Segment Start: Task inputs
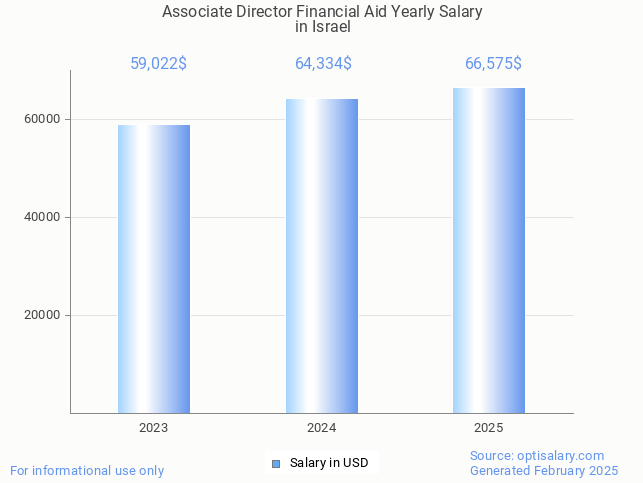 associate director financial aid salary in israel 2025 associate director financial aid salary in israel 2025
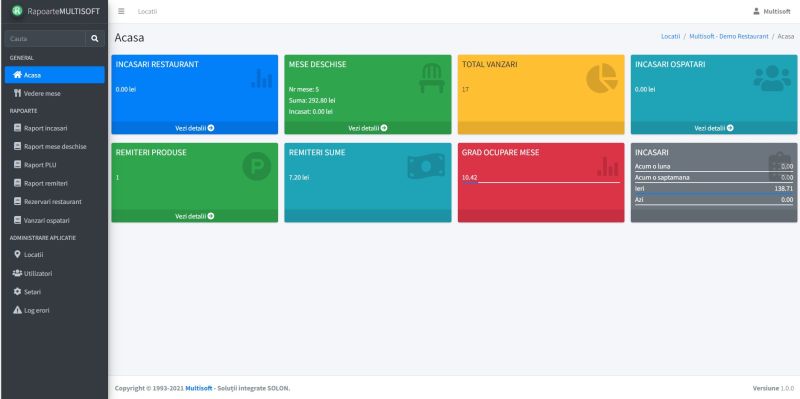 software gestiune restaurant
Segment End: Task inputs
Segment Start: Task inputs
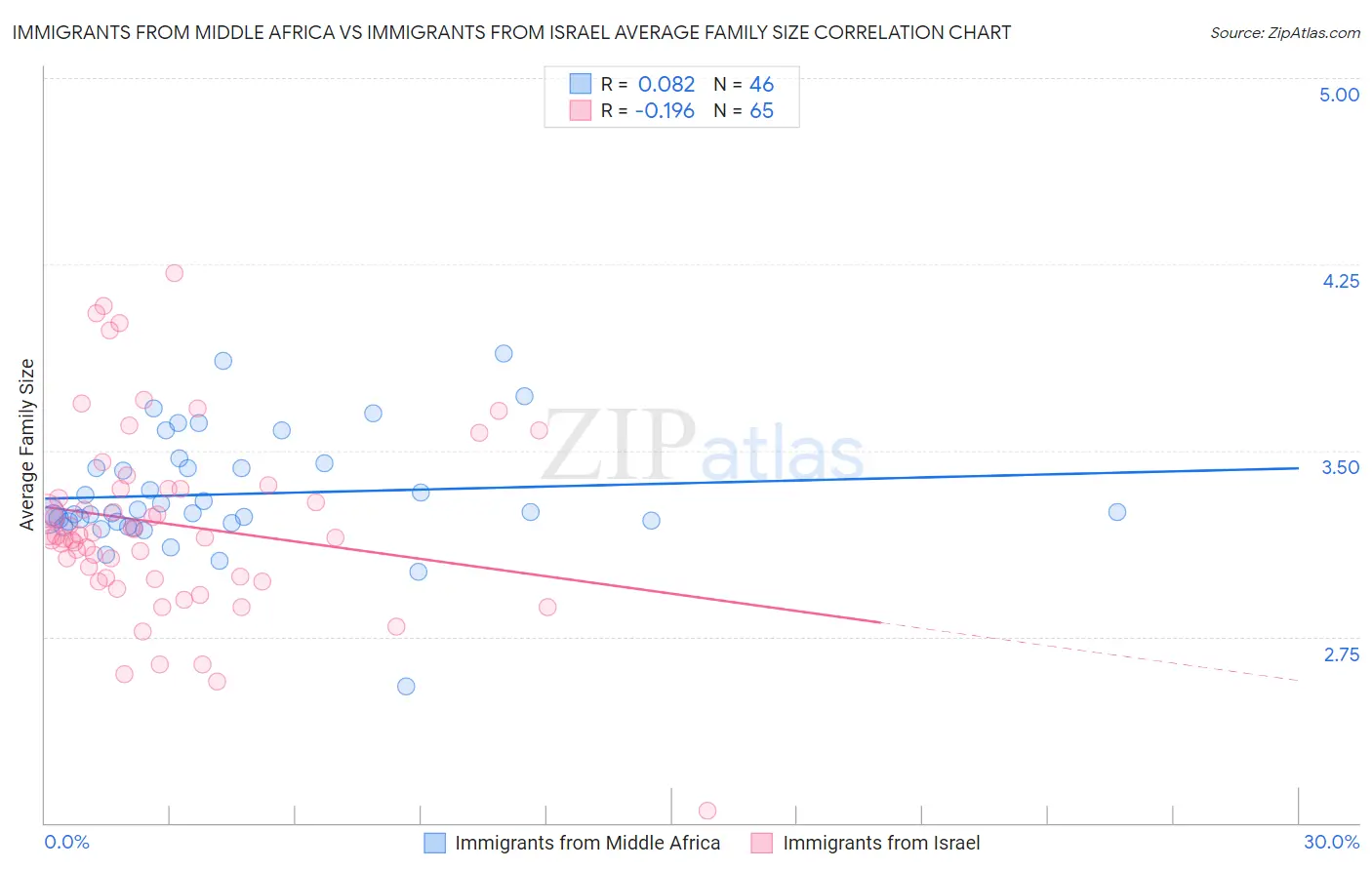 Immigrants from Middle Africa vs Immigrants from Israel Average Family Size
Segment End: Task inputs
## Problem description
From the data above, return only the lines starting at the line that holds "associate director financial aid salary in israel 2025 associate" and ending at the line that holds "software gestiune restaurant", word for word and without pictures.

## Output below
 associate director financial aid salary in israel 2025 associate director financial aid salary in israel 2025
 software gestiune restaurant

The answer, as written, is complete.